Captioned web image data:

# # #

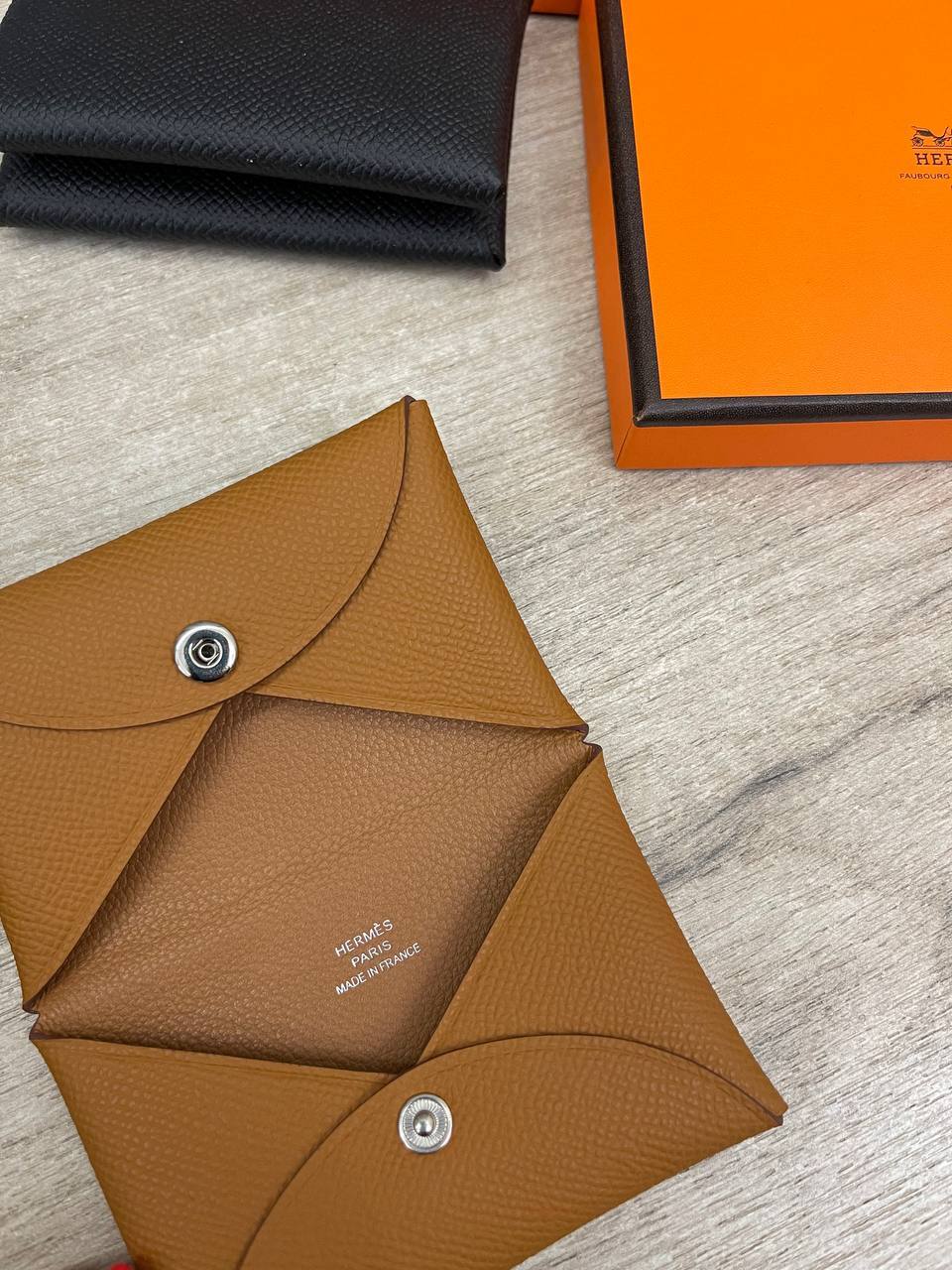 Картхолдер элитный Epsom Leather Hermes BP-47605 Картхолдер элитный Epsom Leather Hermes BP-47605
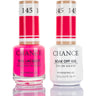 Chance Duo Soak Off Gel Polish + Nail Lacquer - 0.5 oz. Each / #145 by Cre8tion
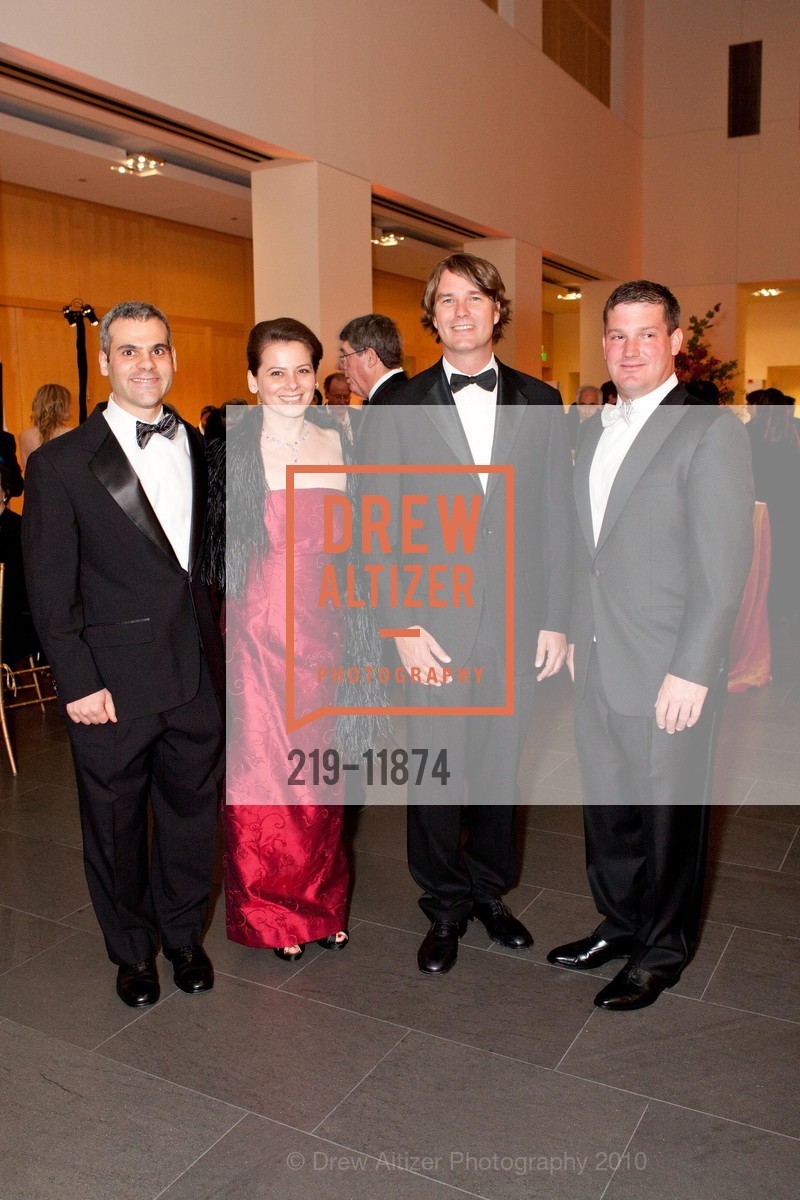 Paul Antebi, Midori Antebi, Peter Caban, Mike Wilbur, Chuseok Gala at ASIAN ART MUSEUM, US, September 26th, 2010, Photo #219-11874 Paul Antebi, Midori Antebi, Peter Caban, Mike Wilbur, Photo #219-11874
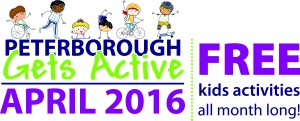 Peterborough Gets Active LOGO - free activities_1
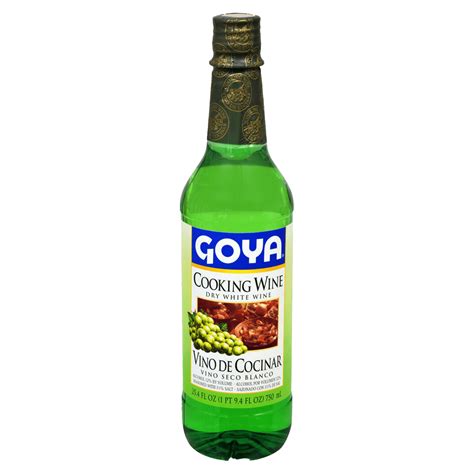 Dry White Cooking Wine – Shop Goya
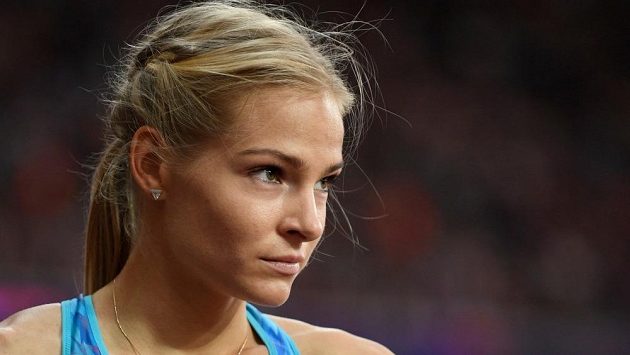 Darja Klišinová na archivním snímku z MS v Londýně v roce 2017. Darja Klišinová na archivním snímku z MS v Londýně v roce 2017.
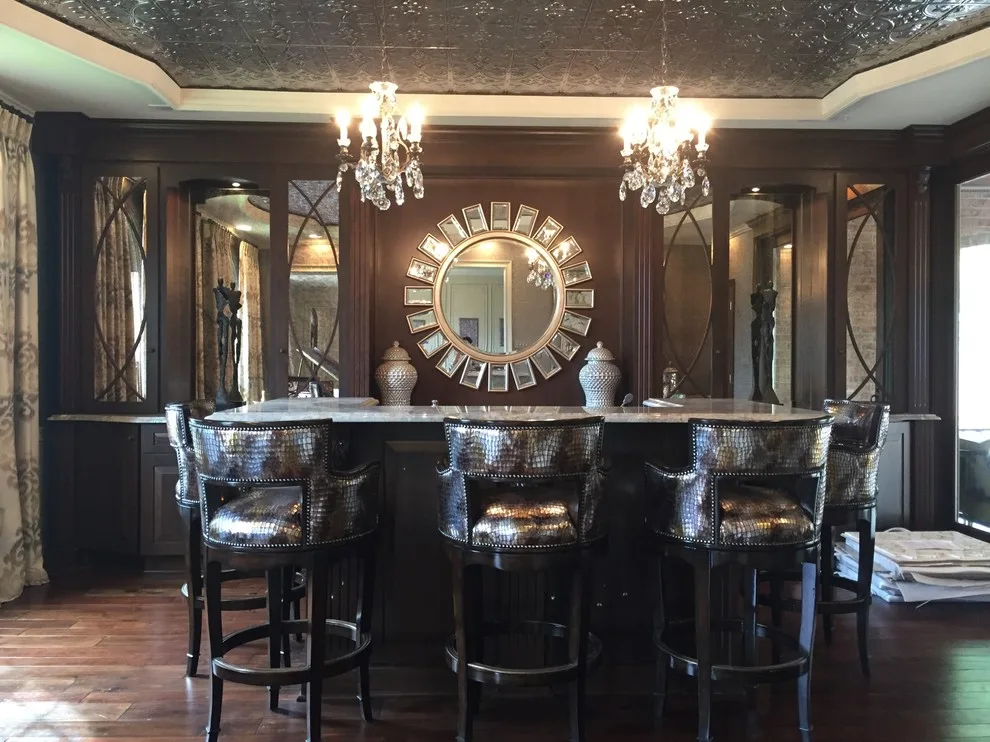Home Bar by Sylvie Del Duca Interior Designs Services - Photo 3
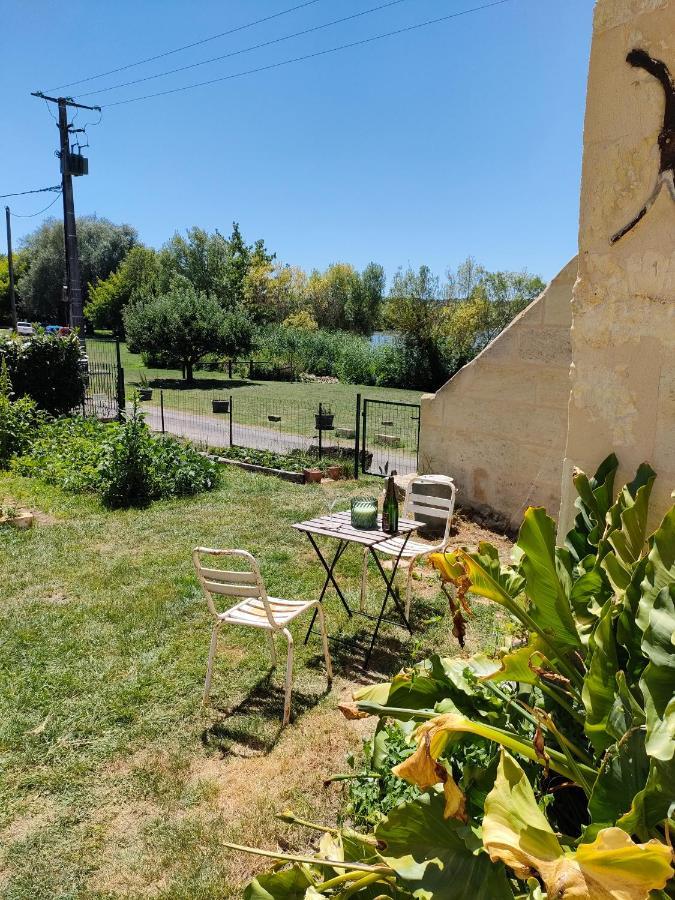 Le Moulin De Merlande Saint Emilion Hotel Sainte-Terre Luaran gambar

# # #

Assignment: Every line from the first line of the entries above through the line with "Chance Duo Soak" must be repeated exactly, and pictures must not be.

Task output:
 Картхолдер элитный Epsom Leather Hermes BP-47605 Картхолдер элитный Epsom Leather Hermes BP-47605
 Chance Duo Soak Off Gel Polish + Nail Lacquer - 0.5 oz. Each / #145 by Cre8tion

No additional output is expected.